不動産業界版“ニワトリとたまご”(07.02.26)
まずは、先日不動産営業マンから聞いたお話。
週末の物件案内に備えて、金曜日に一日の大半を使ってご案内予定の下見。
そして、当日、10件弱のご案内を終え、最後にお客様から「友人の不動産会社から、この物件を紹介され、これを買いたいと思う」との一言。
出された不動産の販売資料は予算を1,500万円もオーバーする物件。これだけの価格差があれば、不動産のクオリティと価格は比例することから、明らかにこちらの方が良い物件。
予算を抑えめに無理のない範囲でと(たぶん善意で)紹介していた営業マンは、ガクッときてしまいます。
友人だから、予算オーバーになってもきちんとお客様のことを考え、フォローしてくれるでしょう。
聞いた話で当事者ではないですから、詳細やこの他の何かやり取りや伏線もあったのかもしれませんが、これはどこにでもよくあることです。
不動産会社の収入は成約報酬となっており、不動産の契約に携わったことにより発生します。(不動産仲介の場合の仲介手数料)
どれだけの資料を送付しようが、どれだけのご案内をしようが、どれだけ相談に乗ろうが、成約にならなければ無料が原則。この無料原則が、不動産の営業マンを成約主義に走らせる要因となっています。
この仕組みをお客様も理解しており、なんでもタダの物は利用しちゃえという考えを持っている方が多いのも現実。
この両者が相まって、成約に結びつけようとする営業マンと利用するだけ利用するが頼むかどうかは別というお客様の戦いの構図になってしまう。
私は、人としてこういうのは好きません。
ここに生まれるのは、騙しあい、化かしあい、裏切り、人間不信、打算、うそなどなど、悲しく寂しくなることばかり。
どっちが先にくるのか分かりません。
不動産営業側(会社も人も)が成約主義に走るから、お客様が警戒し、逆にドライに走らせるのか。
お客様が安易に利用できるものはしようと走るから、不動産営業側がタダ働きにならないように走ってしまうのか。
お金が発生しない友人知人関係なら逆かもしれませんが、営業活動なので多少の無償奉仕があっても仕方ないし、まずは営業側が、成約に走らず、お客様の信頼を得られるようにしなければならないのでしょう。
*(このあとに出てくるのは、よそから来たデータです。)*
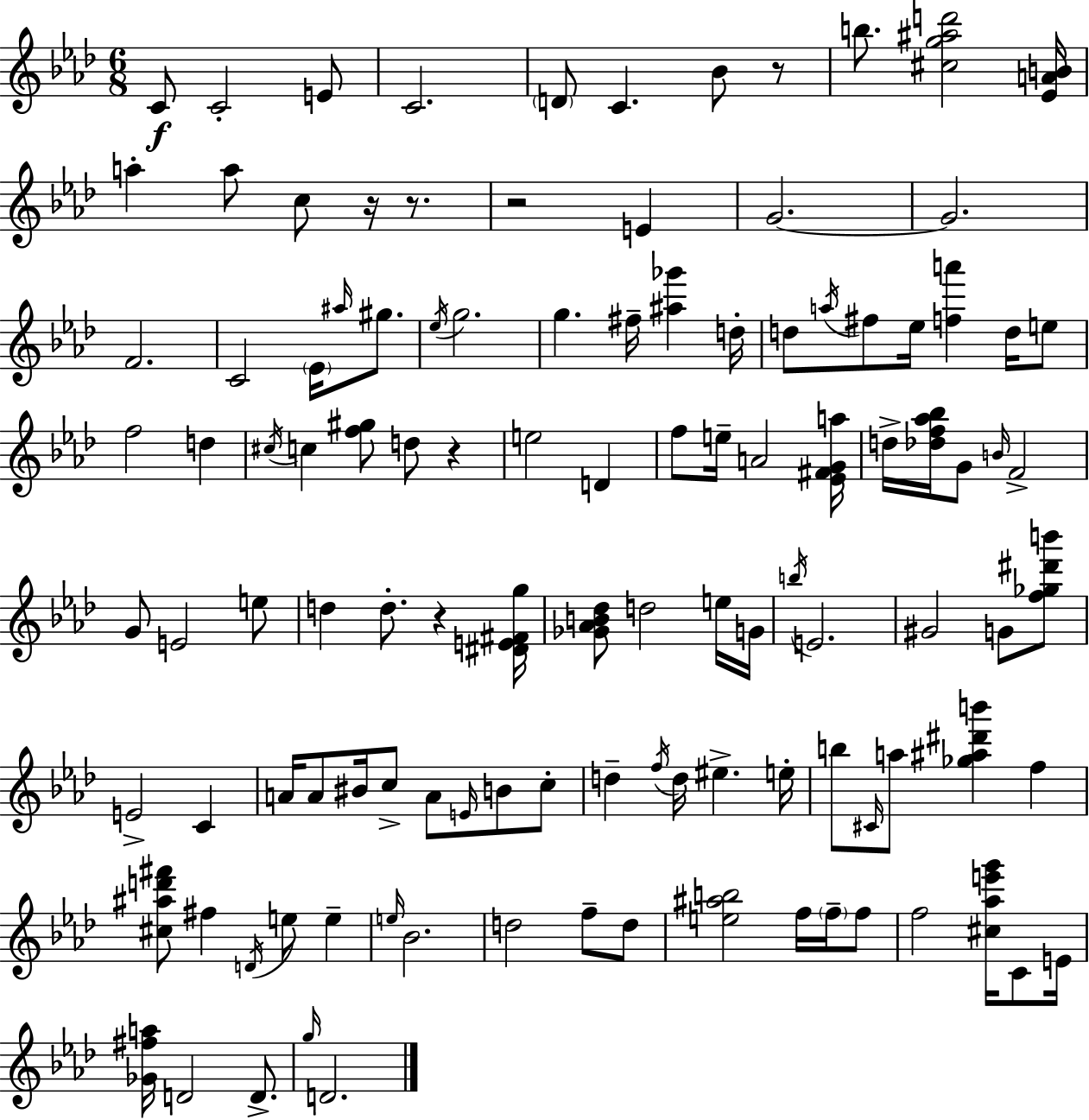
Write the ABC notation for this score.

X:1
T:Untitled
M:6/8
L:1/4
K:Fm
C/2 C2 E/2 C2 D/2 C _B/2 z/2 b/2 [^cg^ad']2 [_EAB]/4 a a/2 c/2 z/4 z/2 z2 E G2 G2 F2 C2 _E/4 ^a/4 ^g/2 _e/4 g2 g ^f/4 [^a_g'] d/4 d/2 a/4 ^f/2 _e/4 [fa'] d/4 e/2 f2 d ^c/4 c [f^g]/2 d/2 z e2 D f/2 e/4 A2 [_E^FGa]/4 d/4 [_df_a_b]/4 G/2 B/4 F2 G/2 E2 e/2 d d/2 z [^DE^Fg]/4 [_G_AB_d]/2 d2 e/4 G/4 b/4 E2 ^G2 G/2 [f_g^d'b']/2 E2 C A/4 A/2 ^B/4 c/2 A/2 E/4 B/2 c/2 d f/4 d/4 ^e e/4 b/2 ^C/4 a/2 [_g^a^d'b'] f [^c^ad'^f']/2 ^f D/4 e/2 e e/4 _B2 d2 f/2 d/2 [e^ab]2 f/4 f/4 f/2 f2 [^c_ae'g']/4 C/2 E/4 [_G^fa]/4 D2 D/2 g/4 D2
しかし、あまりにもお客様側が、心を開かず、ドライに割り切り利用してやろうとなると、慈善事業で会社を営んでいるわけでもなく、営業マンも人としての尊厳があるのですから、対抗してしまうのも理解できます。
私は両者が変わらなければならないと思う。
不動産営業側もお客様側も、まずは信頼しあい、WINWINの関係が結べるのか。お客様は最適な満足する住まいにたどり着く、営業側はプロとしての仕事をこなし報酬を頂く。
これって、両者勝ちですよね。
これから住まいを探す方へのアドバイスです。
不動産営業マン(会社というよりは人)は、信頼し誠意を見せると、いつも以上のパフォーマンスを見せます。その時、警戒しながら依頼するよりも、より良いサービスと対応が得られ、より満足が得られます。
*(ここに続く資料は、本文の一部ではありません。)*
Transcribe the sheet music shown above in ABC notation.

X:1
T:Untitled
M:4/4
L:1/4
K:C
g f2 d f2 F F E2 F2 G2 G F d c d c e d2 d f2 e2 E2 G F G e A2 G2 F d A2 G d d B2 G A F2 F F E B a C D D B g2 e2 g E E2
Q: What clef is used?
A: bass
誰でも彼でも信頼できるわけでもなく、信頼してもいけませんので、まずは信頼でき、よしこの人に頼もうということを判断することが大切です。
これは家の建築でも同じですね。
最後に、営業マンとお客様のやり取りでちぐはぐになる場面のご紹介します。
営業マンは、より良い住まいの提案、大丈夫なのかなのチェック、最適なアドバイスをするために、質問したり、確認したりします。
その答えをお客様は、そんなの関係ないでしょ、言わなくてはいけないの、などなど。
または、営業マンに過去にされたことがトラウマになって、いきなり、試しているんですとか、信頼しませんからと宣言したりなど。
これも聞いた話なので、言い方、聞き方に問題があったのかもしれませんけどね。冷めた打ち合わせの空間を想像できてしまいます。
営業マンの方へ
こういう話を聞くことが多いのも、おそらく私が独自のサポートで、このようなこととは無縁であり、外から見て不思議だから、その秘訣を聞きたいからなのでしょう。